Opportunities to Parallelize Path Planning Algorithms for Autonomous Underwater Vehicles

This paper discusses opportunities to parallelize graph based path planning algorithms in a time varying environment. Parallel architectures have become commonplace, requiring algorithm to be parallelized for efficient execution. An additional focal point of this paper is the inclusion of inaccuracies in path planning as a result of forecast error variance, accuracy of calculation in the cost functions and a different observed vehicle speed in the real mission than planned. In this context, robust path planning algorithms will be described. These algorithms are equally applicable to land based, aerial, or underwater mobile autonomous systems. The results presented here provide the basis for a future Research project in which the parallelized algorithms will be evaluated on multi and many core systems such as the dual core ARM Panda board and the 48 core Single-chip Cloud Computer (SCC). Modern multi and many core processors support a wide range of performance vs. energy tradeoffs that can be exploited in energyconstrained environments such as battery operated autonomous underwater vehicles. For this evaluation, the boards will be deployed within the Slocum glider, a commercially available, buoyancy driven autonomous underwater vehicle (AUV).

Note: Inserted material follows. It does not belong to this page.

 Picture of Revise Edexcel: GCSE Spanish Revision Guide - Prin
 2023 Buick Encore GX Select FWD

Parallelization of Path Planning Algorithms for AUVs Concepts, Opportunities, and Program-Technical Implementation

Modern autonomous underwater vehicles (AUVs) have advanced sensing capabilities including sonar, cameras, acoustic communication, and diverse bio-sensors. Instead of just sensing its environment and storing the data for post-Mission inspection, an AUV could use the collected information to gain an understanding of its environment, and based on this understanding autonomously adapt its behavior to enhance the overall effectiveness of its mission. Many such tasks are highly computation intensive. This paper presents the results of a case study that illustrates the effectiveness of an energy-aware, many-core computing architecture to perform on-board path planning within a batteryoperated AUV. A previously published path planning algorithm was ported onto the SCC, an experimental 48 core single-chip system developed by Intel. The performance, power, and energy consumption of the application were measured for different numbers of cores and other system parameters. This case study shows that computation intensive tasks can be executed within an AUV that relies mainly on battery power. Future plans include the deployment and testing of an SCC system within a Teledyne Webb Research Slocum glider.

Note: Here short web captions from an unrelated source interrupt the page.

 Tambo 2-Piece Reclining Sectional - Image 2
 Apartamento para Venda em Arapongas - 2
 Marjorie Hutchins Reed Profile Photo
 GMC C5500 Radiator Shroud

Comparison of Guidance Modes for the AUV "Slocum Glider" in Time-Varying Ocean Flows

This paper presents possibilities for the reliable guidance of an AUV "Slocum Glider" in time-varying ocean flows. The presented guidance modes consider the restricted information during a real mission about the actual position and ocean current conditions as well as the available control modes of a glider. A faster-than-real-time, full software stack simulator for the Slocum glider will be described in order to test the developed guidance modes under real mission conditions.